Hacker News new | comments | ask | show | jobs | submit login
Netflix FlameScope (medium.com)
389 points by brendangregg 10 months ago | hide | past | web | favorite | 74 comments



I’ve done something like this at Microsoft in 2002. Except in my case it was a multi-user system and each row represented a logical user, or a range of users in a range partitioned space. You could vary granularity, click through to see what’s busted, zoom into user ranges, discover correlated failures, discover cases when something is failing for just one user consistently, correlate all of it to performance counters, etc, etc. No one gave a shit.


What did you use to build it?


IIRC the standard MS stack at the time: C#, ASP.NET (which had just come out), MS SQL, IE, some in memory caching and bitmap rendering (canvas didn’t exist), AJAX. Pretty bleeding edge, but it all worked OK.

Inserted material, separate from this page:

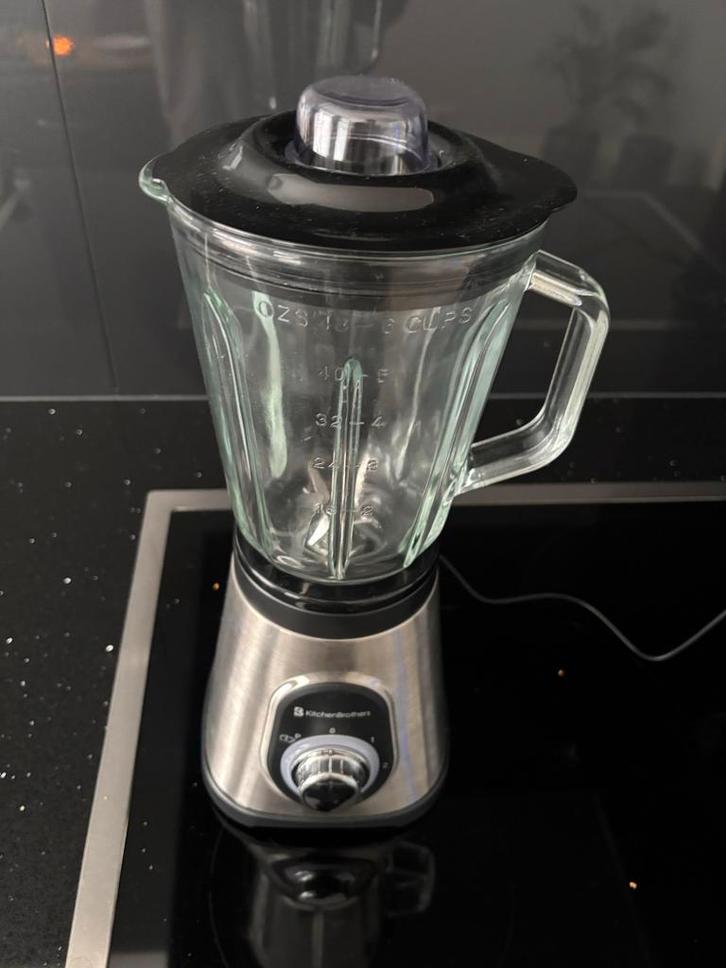 Kitchen Brothers Blender, Witgoed en Apparatuur, Blenders, Zo goed als nieuw, Blender, Ophalen of Verzenden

Given when you were using that then-bleeding-edge stack, I wonder if you used XML (ie, the "X" in the then-acronym AJAX).

later de-acronym-ized to "Ajax" w/ JSON replacing XML.


Of course. JSON wasn’t popularized back then. But mostly it was about reloading parts of the page through DOM manipulation.


Yeah, I was there too. (Web dev for a living since 1998.) I remember sending HTML fragments over the wire too...


If data were in XML format, XSLT could be used from javascript (or vbscript) in the browsr for the DOM generation. Was pretty slick up to a point, but since it was a blocking operation anything beyond a certain size started to noticeably lock up the browser.


I’ve done some of that as well, in different contexts. Those were the days. Virgin territory, uncomplicated, no cross-browser concerns. I haven’t touched frontend since 2005, and looking at it now it’s horrifying. Even the hairiest C++ backend is easier for me now, just because once you write it it doesn’t need to be “updated” for the next decade. Frontend seems to change every 6 months for no apparent benefit.


> "no cross-browser concerns"

wat.

the original browser wars? ns vs ie? 2 incompatible implementations w/ no tooling to help?


It was a Microsoft tool for Windows only. There wasn’t even a question that other browsers should not be supported.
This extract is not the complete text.